### TASK DESCRIPTION
Please copy the listing that follows exactly, leaving out any pictures.

### GIVEN MATERIAL
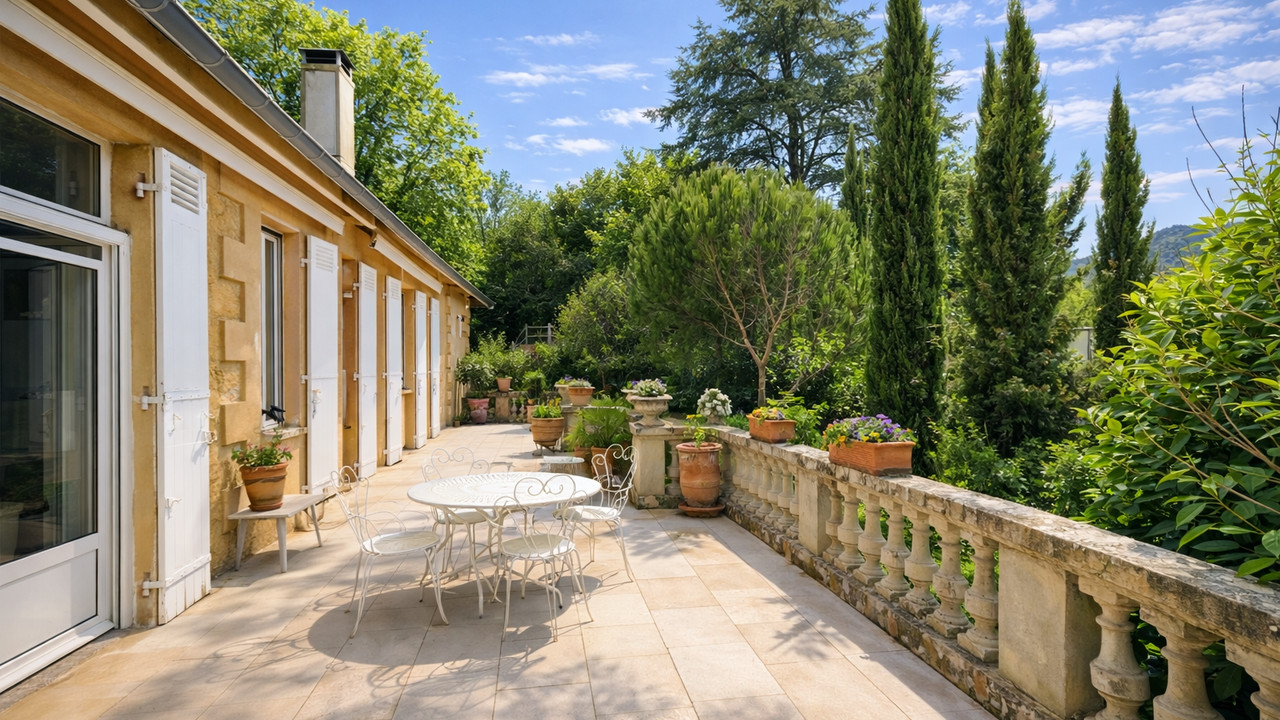 Magnificent Mansion with beautiful landscaped garden in an exceptional location in historic centre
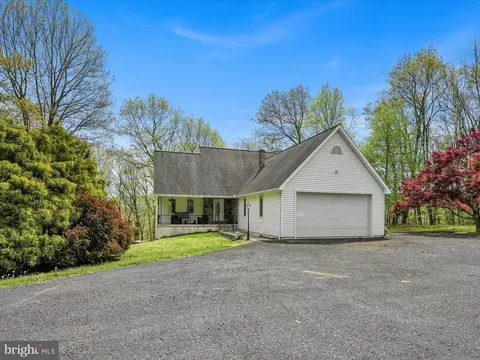 40 Summer Hill Rd, Schuylkill Haven, PA 17972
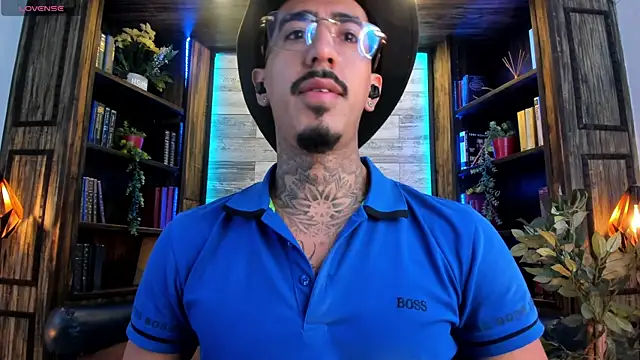 הופעת וובקאם של Donovan_Desmond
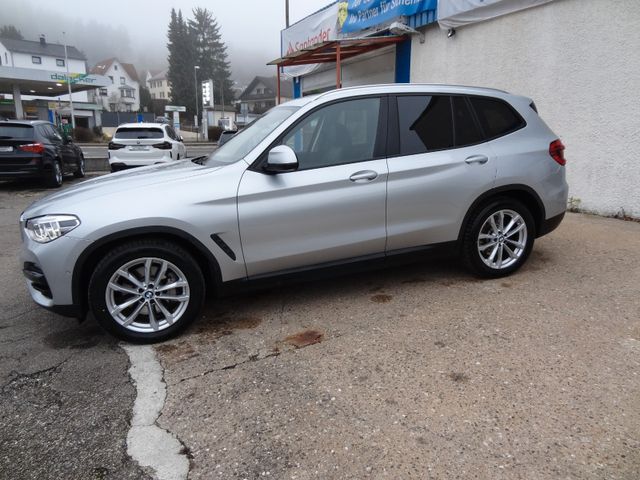 Fahrzeugabbildung BMW X3 xDrive 30d/2.Hd/Virtual/Leder/Navi/AHK/69TKM/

### RESULT
 Magnificent Mansion with beautiful landscaped garden in an exceptional location in historic centre
 40 Summer Hill Rd, Schuylkill Haven, PA 17972
 הופעת וובקאם של Donovan_Desmond
 Fahrzeugabbildung BMW X3 xDrive 30d/2.Hd/Virtual/Leder/Navi/AHK/69TKM/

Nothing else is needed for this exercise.